Fehler Interrupt: erst mal Register retten Alternative: 32768-Quarz an den Timer1 und den frei laufen lassen
uxdx schrieb: > noch was: auch PEIE frei geben Unsinn - der Timer0 braucht den PEIE nicht. Gruß Jens
das mit dem Register retten ist mir durchaus bewusst. Allerdings dachte ich in meinem Fall, dass dies vernachlässigbar ist, da ich den Inhalt der Register sowieso nicht brauche. Mir ist sowieso schleierhaft was es mit dem "Register retten" auf sich hat. Kann mal jemand etwas ausholen und mir die Hintergründe erklären warum man ein Register "retten" muss?
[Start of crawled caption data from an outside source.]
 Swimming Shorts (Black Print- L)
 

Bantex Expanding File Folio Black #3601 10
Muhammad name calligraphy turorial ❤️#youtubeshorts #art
Kann das die Ursache für das fehlerhafte Verhalten sein?
Warum Register retten? z.B. ein ganz trivialer Fall: der Wert 0x55 soll in die Speicherstelle "var1" geschrieben werden...also ..... movlw 0x55 movwf var1 ..... jetzt tritt währen der Ausführung von "movlw 0x55" ein Interrupt auf und in der Interruptroutine wird W verwendet und bekommt dabei den Wert 0xff (nur als Beispiel). Was landet dann nach Ende der Int-Routine wohl in "var1"??
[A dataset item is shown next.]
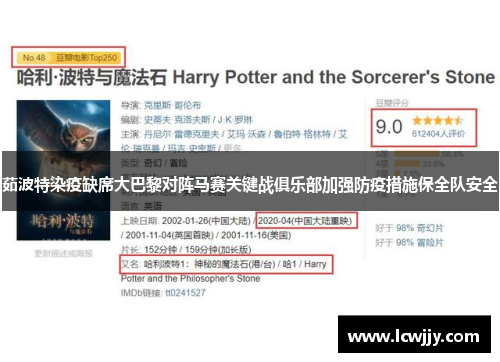 茹波特染疫缺席大巴黎对阵马赛关键战俱乐部加强防疫措施保全队安全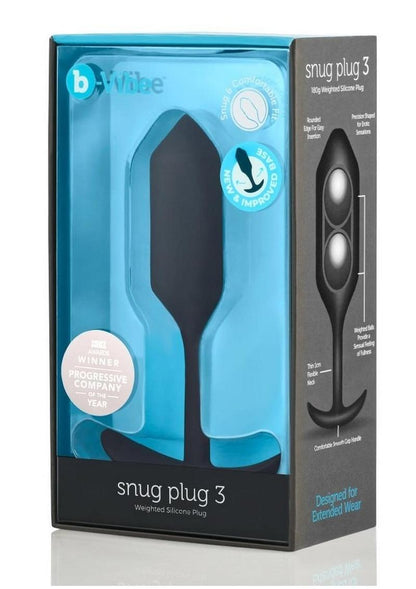 B-Vibe Snug Plug 3 Silicone Weighted Anal Plug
Ok das verstehe ich. Allerdings verstehe ich immer noch nicht warum meine LED nicht blinkt sondern dauerhaft an ist. Durch das XORLW müsste doch das Bit bei jedem Interrupt umgedreht werden... Und da "loop" ja nur eine Endlosschleife ist dürfte das weggelassene retten der Register ja auch keine Rolle spielen oder verstehe ich da noch was falsch?
Andy K schrieb: > bsf STATUS,RP1 ;Bank2 > clrf ANSEL ;alle I/O Ports digital > clrf ANSELH > bcf STATUS,RP1 ;Bank 0 Andy K schrieb: > start: > bsf STATUS,RP0 ;Bank1 > clrf TRISA ;Port A, B und C Ausgang > clrf TRISB > clrf TRISC > movlw B'00000100' ;interner Taktteiler auf 256 > movwf OPTION_REG > bsf STATUS,RP1 ;Bank2 > clrf ANSEL ;alle I/O Ports digital > clrf ANSELH > bcf STATUS,RP1 ;Bank 0 > bcf STATUS,RP0 Erst schaltest Du auf Bank1 und dann mit bsf STATUS,RP1 auf Bank 3 !!! und nicht wie gewünscht auf Bank2. Da fehlt noch: bcf STATUS,RP0
KLASSE! DAS WAR DIE LÖSUNG!!!! Durch die falsche Bankauswahl war scheinbar Port C nicht korrekt als Digital I/O definiert... oh man. die einfachen fehler sind die schlimmsten... Vielen Dank für die rege Anteilname!